Top underreported stories of 2007

It’s nearly the end of the year, it must be list time. Medecins Sans Frontieres release their tenth annual top ten list of stories they think journalists don’t report enough on and readers don’t get to read enough about. Here’s the list. Or see a quick view of the list below,

1. Displaced fleeing war in Somalia face humanitarian crisis
2. Political and economic turmoil sparks health-care crisis in Zimbabwe
3. Drug-resistant tuberculosis spreads as new drugs go untested
4. Expanded use of nutrient dense ready-to-use foods crucial for reducing childhood malnutrition
5. Civilians increasingly under fire in Sri Lankan conflict
6. Conditions worsen in eastern Democratic Republic of Congo
7. Living precariously in Colombia’s conflict zones
8. Humanitarian aid restricted in Myanmar
9. Civilians caught between armed groups in Central African Republic
10. As Chechen conflict ebbs, critical humanitarian needs still remain link

Ethan Zuckerman analyses what makes these lists daft and yet interesting,

the term “undercovered” has an interesting implication bound up in it – the idea that there’s an optimal level of news coverage for each topic and that these topics aren’t getting their fair share. link

Ethan backs up his argument with some scripts he created that track global attention by the world’s mainstream media.

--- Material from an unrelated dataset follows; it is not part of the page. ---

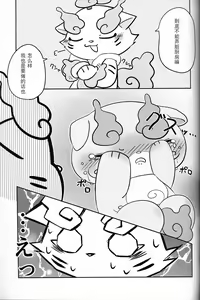 Page 21 of Himitsu Goto too, Hitotsu ya Futatsu | 秘密一个两个 - preview thumbnail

The graphic above is a snapshot of BBC News reporting today. As Ethan goes on to discuss, in a kind of Donald Rumsfeldesque fashion, i.e. there are things we don’t know that we know, there are known knowns etc. etc.

How do we construct warning systems that tell us not just the stories we’ve missed, but whole parts of the world we might be missing? link

It’s a good question and one the GAP tool goes some way, if not the whole hog, to helping with.